The Euro suffered badly last week as worries about peripheral bond markets came back into focus.Technically the EUR/USD retreated from good resistance levels around 1.34 closing just above 1.29 and paints a more bearish picture now. The Euro faired worst of all losing ground also against Sterling and touched record lows again against the AUS$ despite what was going on in commodities and gold.
The strengthening of the US dollar was aided and abetted by the commodity and gold weakness. Indeed that sort of move can be self propelling with one leading the other and so on. It is certainly one to watch for online forex traders as far as further dollar strength.

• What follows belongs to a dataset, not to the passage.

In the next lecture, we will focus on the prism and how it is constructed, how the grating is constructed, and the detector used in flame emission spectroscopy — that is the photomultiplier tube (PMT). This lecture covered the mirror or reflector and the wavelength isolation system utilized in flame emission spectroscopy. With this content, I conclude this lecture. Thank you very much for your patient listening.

I think Gold could be the key as it has so many investors long at the present time. If that continued much below 1350 then the correction could be more severe and thus help the US dollar. However, in the big picture any correction in Gold and commodities can surely only be viewed as just a healthy correction before the next move up.
Next week there are bond auctions for Portugal, Spain and Italy and these will definitely be a big influence on Forex markets. Portugal as I have stated before has to take a bail out at some point and would probably do better to do it sooner than later. The real defining moment for the Euro will be how things pan out in Spain. If things go badly then I would expect to see the EUR/USD test at least 1.20. If the markets believe at some point that they will survive without forcing a crisis then it could well be a defining moment for the EURO in terms of a low .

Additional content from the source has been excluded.